As the ingestor has been optimized to process data files in parallel, it is recommended that you split your data into multiple files. Depending on your data, you could split your data into separate files based on:

  • time period, such as days, weeks, or months; for example:

    /events/2018-W28/<file>

    /events/2018/11/05/<file>

    /events/2018/08/02/23/<file>

  • locale, such as city, country or continent; for example

    /poi/europe/<file>

    /poi/europe/spain/<file>

    /poi/europe/spain/madrid/<file>

  • data source, such as, personal devices and industrial equipment

    /events/roadrunner/2018/11/05/<file>

    /events/wileycoyote/2018/11/05/<file>

    /events/boston/cars/2018/11/05/<file>

    /events/boston/buses/2018/11/05/<file>

Using a directory structure such as this enables you to do:

  • recursive ingests: If you organize your data into a directory structure based on time period, locale or data source, you can ingest the files by using the parent directory in the ingest command.

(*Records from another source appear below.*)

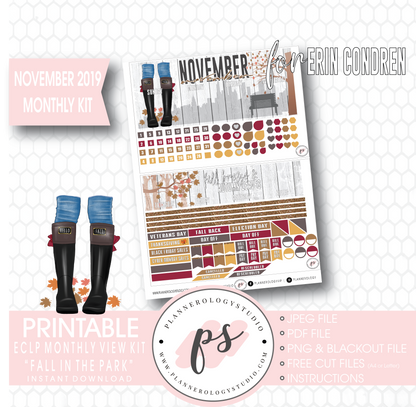 Fall in the Park November 2019 Monthly View Kit Digital Printable Planner Stickers (for use with Erin Condren) - Plannerologystudio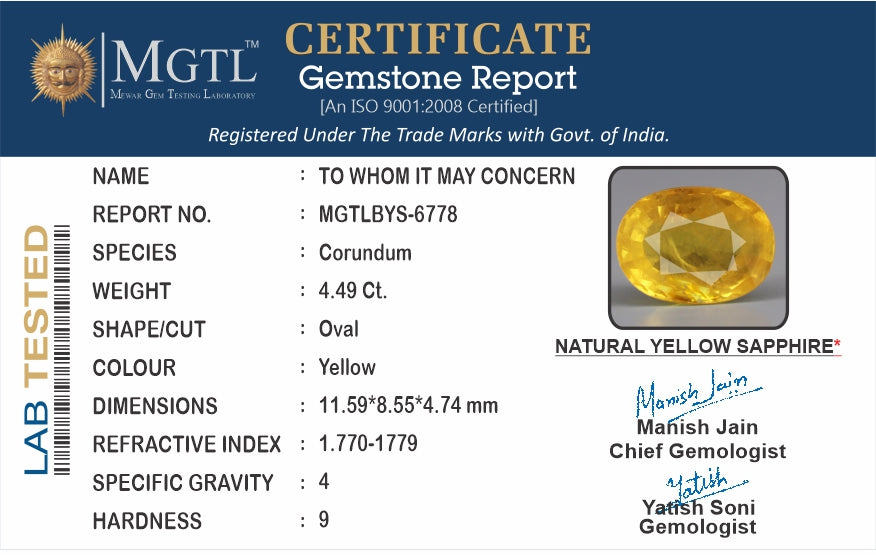 Yellow Sapphire - 4.49 Carats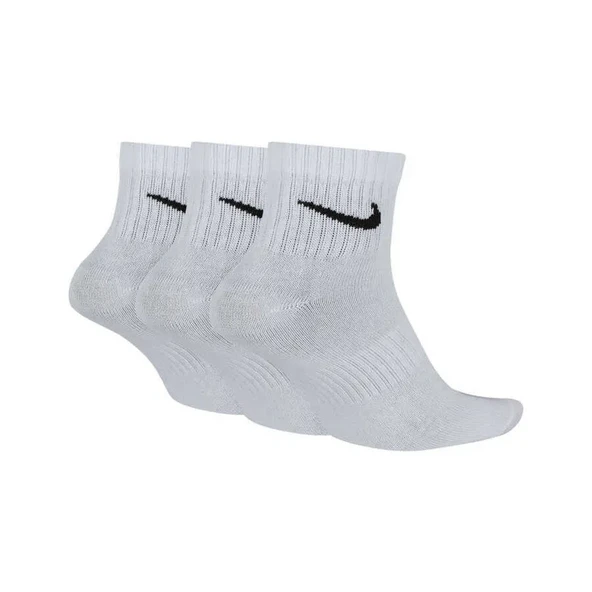 NIKE EVERYDAY LIGHTWEIGHT PERFORMAS COTTON ANKLE HALF SOCKS  3 lü Beyaz Çorap SX7677-100 - 2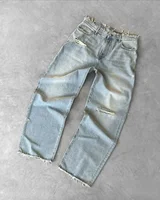 Washed Ripped Jeans Men's American Retro High Street Couple Bag Embroidery Quality is higher than peers in all seasons 2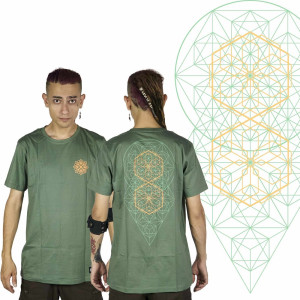 T-Shirt Mandala Sacred Hexagonal Χακί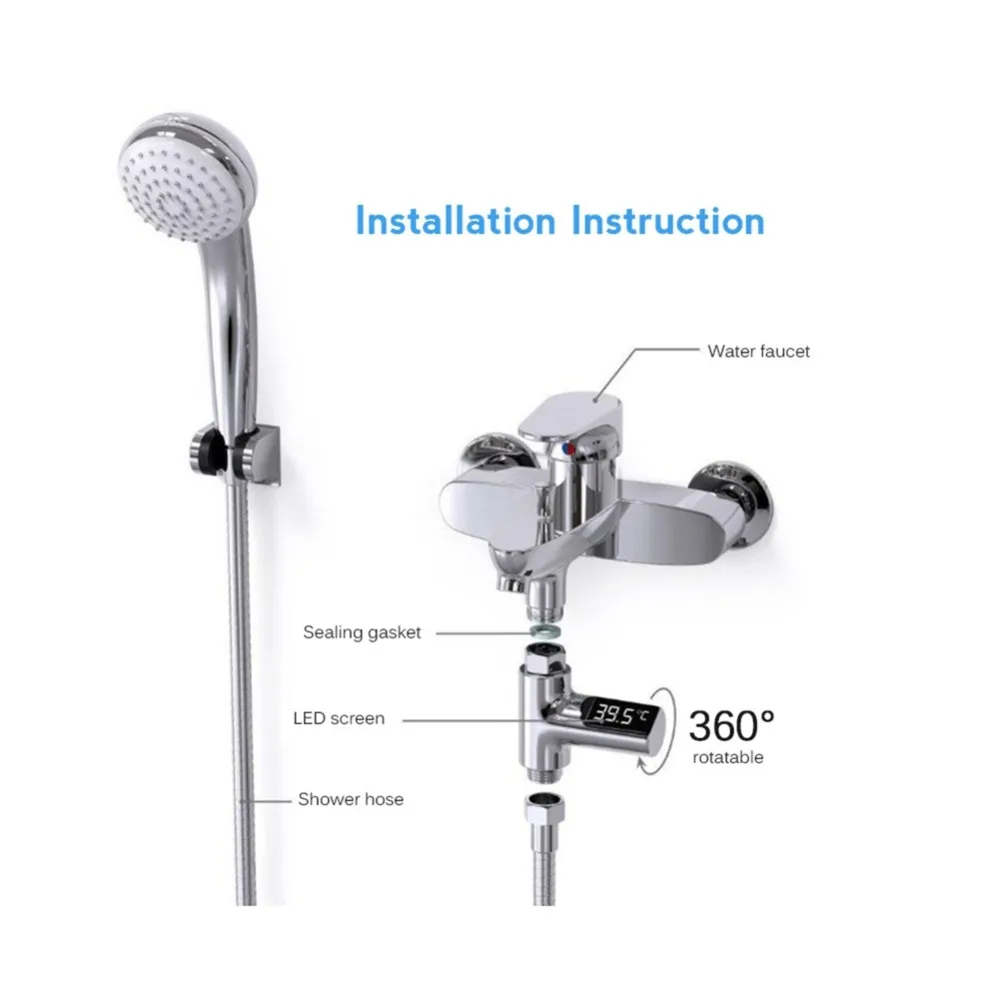 Koop LED Display Thuis Water Douche Thermometer Flow Water Temperture Monitor Led Display Douche Thermometers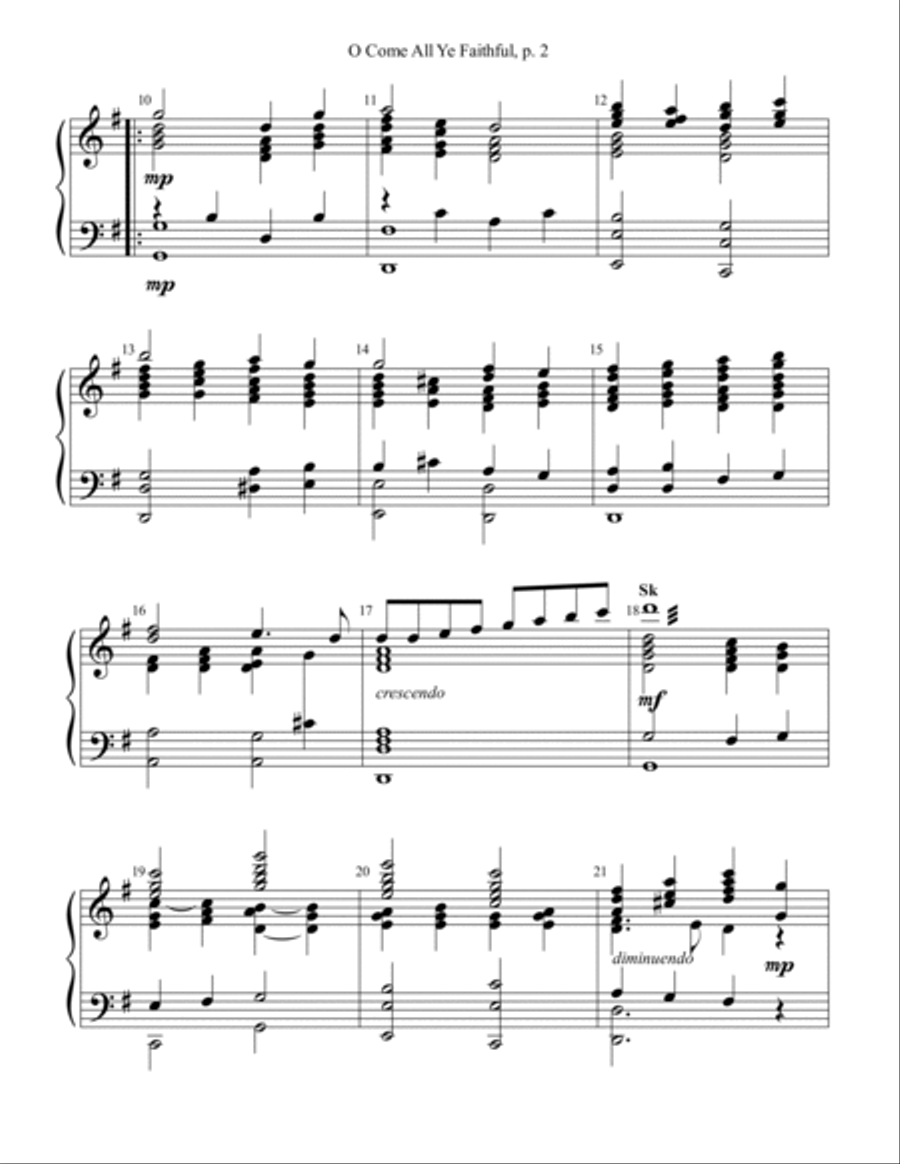 O Come All Ye Faithful Handbell Choir scores gallery preview page 2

For example using /events/2018/11/05/ ingests a whole day's worth of data, while /events/2018/11/ ingests a whole month
  • incremental ingests: By adding the latest data to a directory for the day or week, you can ingest this data to your GeoSpock database, to be analyzed by the data analysis tools

File size

The optimum size for a data file is 50 to 500 MiB (uncompressed), although the ingestor can process files of over 1 GiB. You should aim to distribute your data across a number of files, although you should avoid creating lots of small files (<10 MiB), as the overhead of processing each file is greater than the processing required to ingest the data, reducing the efficiency of the ingestor.

For example, if you are generating multiple GiB of data per day, you should split the data into files of approximately similar size (either in terms of GiB, or rows), such as:

/events/2018/11/05/00001.csv.gz

/events/2018/11/05/00002.csv.gz

/events/2018/11/05/00003.csv.gz

/events/2018/11/05/00004.csv.gz

/events/2018/11/05/00005.csv.gz

/events/2018/11/05/00006.csv.gz

Description of the source data fields

It is recommended that you provide a description of the data for each data source, describing what each field represents, including the key for any enumerated values. During the creation of the data source description, this enables you to select the correct type for each field. This is important because once you have ingested the data, you will be unable to change the type of the field without ingesting all the data again.

For example, it is useful to know if a field labeled accuracy is measured in meters, kilometers, of feet, or miles, or even if it is a percentage. Similarly, it is also helpful to include the context of the field: "the accuracy of the longitude and latitude position".